I am working on a project where we are using Amazon infrastructure service with Lambda. We are using multiple services on Amazon. I'm working in a company where we are using AWS CloudTrail. We are using Amazon EC2 instances as infrastructure service, and we are using S3 bucket, Lambda function, step function. We have moved to DynamoDB and I'm using DynamoDB and a few databases.
For monitoring, we use Dynatrace. Dynatrace is connected with AWS CloudTrail, so AWS CloudTrail sends the notifications via SNS to Dynatrace. We get notifications, and Dynatrace will send notifications.
AWS CloudTrail is a log function that will store all logs easily for whatever services we are using on Amazon. All logs will be stored in AWS CloudTrail for 15 years, as we have the service purchased for that duration. The logs will be stored in AWS CloudTrail via S3 bucket.

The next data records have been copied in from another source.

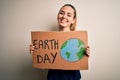 Young beautiful woman holding banner asking for earth and enviroment conservation with a happy face standing and smiling with a Royalty Free Stock Photo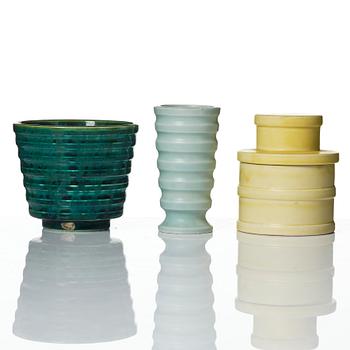 Wilhelm Kåge, A set of three ceramic flower pots, a vase and jar with lid,  Gustavsberg 1930s.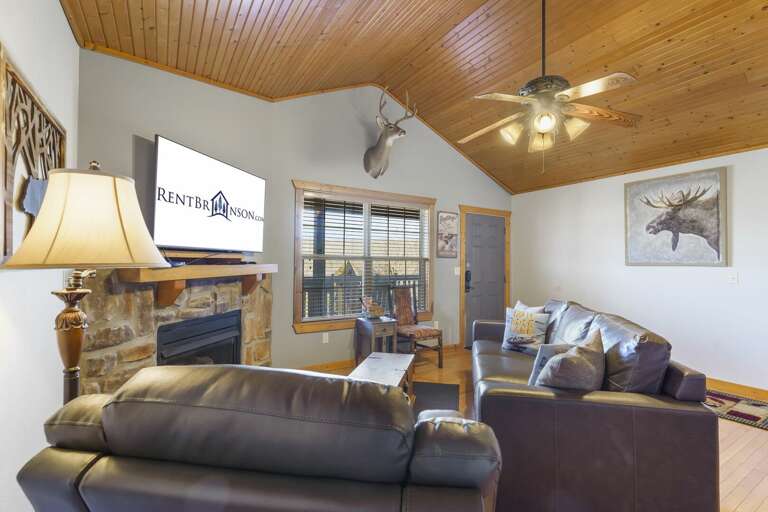 Living Room Interior With Furniture And Fireplace, Labeled As Vacation Rental
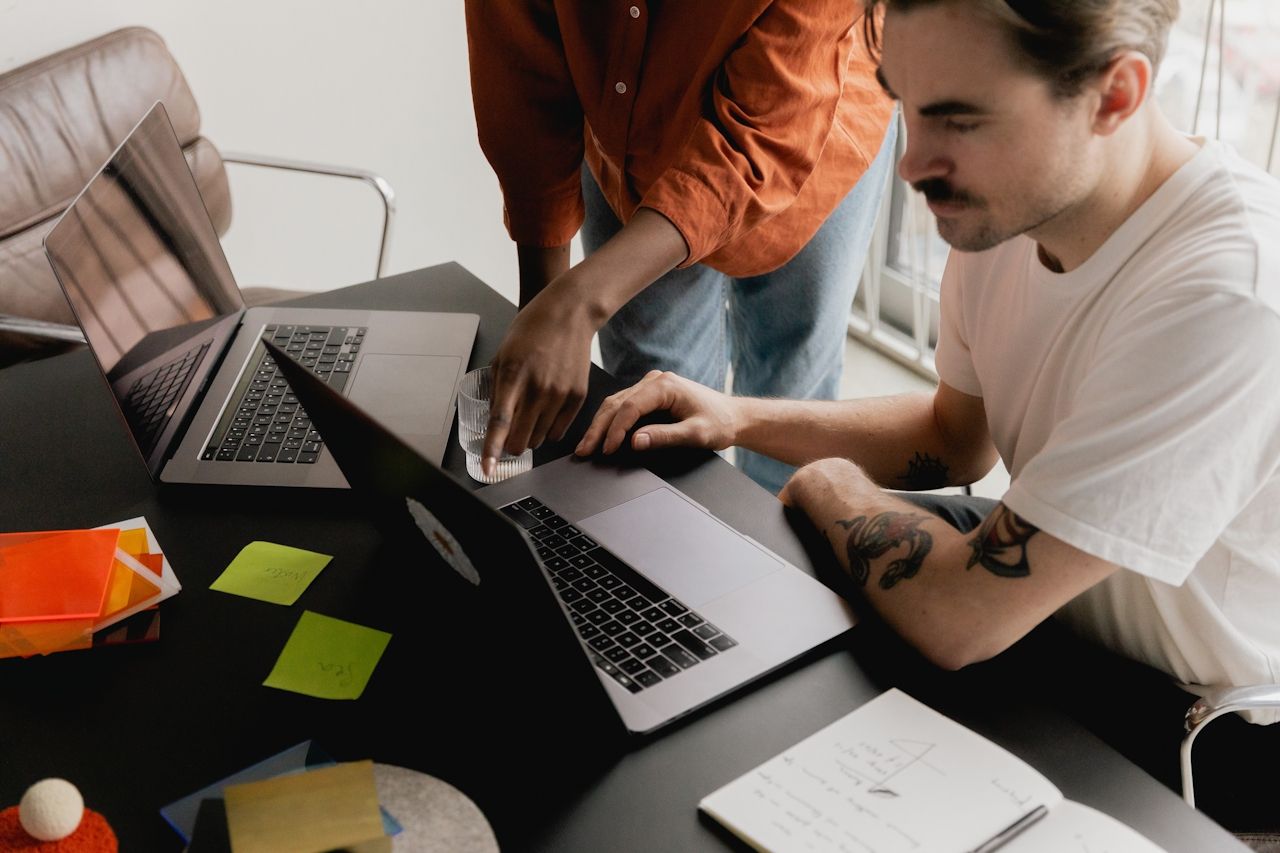 2 workers hovering over laptop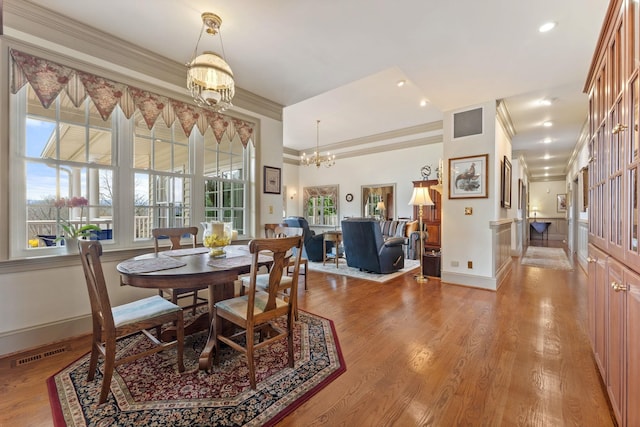 273 Bel Grene Dr, Fishersville, VA 22939 - dining room with crown molding, a notable chandelier, baseboards, and visible vents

In AWS CloudTrail, we have enabled CPU, disk, and RAM monitoring. These are three services we are monitoring from AWS CloudTrail. AWS CloudTrail will monitor and produce graphs. We have separate L1 teams for monitoring; they will monitor and share the information. Also, Dynatrace will receive the information, and if any service goes beyond the threshold limit, AWS CloudTrail will create an alert.
CloudTrail and CloudWatch are sister services. Both should be preconfigured internally. We only watch the dashboards because we can't go and watch each service; there are multiple servers running and multiple services configured, so we watch only the dashboard graphs. If any graph goes beyond the normal limit, we take action.
We watch the graph. If any of the graphs show abnormal activity, then immediately we dig into AWS CloudWatch and AWS CloudTrail. We check the reason by verifying the logs. The graph will show you the time period, so we go into AWS CloudWatch, filter the logs for that particular time period, and from there, we identify the cause of the issue, and then we troubleshoot.
API is a main element that allows us to connect AWS CloudWatch to AWS CloudTrail and AWS CloudTrail to Dynatrace. That connection is done via API. By API, everything is integrated. The integration part is managed by the API, transferring information from one service to another. We are not working on the API; the configuration team, the cloud operations team, they take care of it.